L’aspetto più sconcertante di questo protocollo di apprenti sorcier redatto da Carlos Castaneda è la oggettiva qualità asociale delle dottrine e delle pratiche esoteriche che l’etnologo ha cercato di imparare, andando "a scuola dallo stregone". L’istruttore principale di Castaneda, l’indio Don Juan, e i suoi amici o compagni, appaiono in queste pagine come personaggi isolati da qualsiasi collettività. Essi stessi, inoltre, non formano neppure una vera e propria società segreta di "stregoni" (sorcerers) o di "sapienti" o "uomini del sapere" (men of knowledge), che possiederebbe pur sempre caratteristiche di socialità, ancorché molto sui generis: i loro rapporti restano, si direbbe, al livello di una colleganza, più che di una collegialità, gnostica: sono dei "guerrieri" (warriors) poiché si sono imposti una determinata autodisciplina, e, in quanto guerrieri "senza macchia" (impeccable), hanno accresciuto il loro "potere" (power) personale fino a conquistare il "sapere" (knowledge) o ad esserne gratificati. Si riconoscono reciprocamente colleghi, affini, ma non altro: non fanno quasi nulla in comune, il loro agire resta soprattutto solitario e non si accompagna né si riferisce all’esistenza di alcuna collettività.
Ne risulta una situazione molto singolare, specialmente singolare quando si inserisce in essa la figura dell’ etnologo. Nella grande maggioranza dei casi, e fin dai primordi dell’etnologia o dell’etnografia moderne, lo studioso si è accostato alle credenze e alle esperienze esoteriche dei cosiddetti "primitivi" con l’intenzione più o meno esplicita (particolarmente esplicita in tempi recenti) di conoscere gli aspetti più segreti di forme di vita collettiva diverse da quelle europee, e spesso con il proposito o la speranza di contribuire così ad una sorta di rigenerazione della socialità del proprio gruppo, alla scoperta o riscoperta di potenzialità umane latenti, la cui conoscenza contribuisse a liberare o arricchire la coscienza di animale sociale propria e dei membri della propria collettività. Qui, invece, quanto più Castaneda si inoltra nel suo apprendistato, si ha l’impressione che egli ritrovi come in uno specchio, nelle dottrine e nelle pratiche dei suoi stregoni, la caratteristica asocialità degli esoteristi europei, il loro individualismo esclusivo, la loro povertà di sensi di solidarietà umana di gruppo, la loro apologia del potere personale. Questa impressione è poi confermata da particolari non trascurabili, da coincidenze di dottrina apparentemente sconcertanti. Ci si trova di fronte, insomma, a uno stregone indio che parla come un discepolo di Heidegger: «Il sapere è una farfalla notturna...», «Le farfalle notturne sono i messaggeri o, meglio ancora, i custodi dell’eternità ...»; come un imitatore di Kierkegaard, che si compiace di dichiararsi un ingannatore del proprio apprendista e dice: «Io non sono un maestro...»; come un seguace di Dilthey, che ricorre di continuo all’espressione "descrizione del mondo" (description of the world) – o anche "modo di conoscere il mondo" (knowledge of the world) –, di là dalla quale si avverte immediatamente l’eco di Weltanschauung.
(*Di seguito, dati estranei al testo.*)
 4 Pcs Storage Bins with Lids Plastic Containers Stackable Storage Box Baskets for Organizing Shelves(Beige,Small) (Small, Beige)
Cosa può significare tutto questo? Subito, viene spontaneo pensare che Castaneda sia andato in cerca soltanto di quello che aveva già trovato, che abbia imparato soltanto quello che sapeva già, che, in altre parole, sia stato talmente condizionato dalla sua realtà storica di uomo "civile" del XX secolo da perdere anni di apprendistato presso lo stregone soltanto per riflettere nella sua nuova esperienza la sua condizione di partenza, e riconfermare – in buona o in mala fede – la propria asocialità tendenziale, il proprio tendenziale gusto del potere personale, mediante quello che di fatto ne era soltanto il riflesso.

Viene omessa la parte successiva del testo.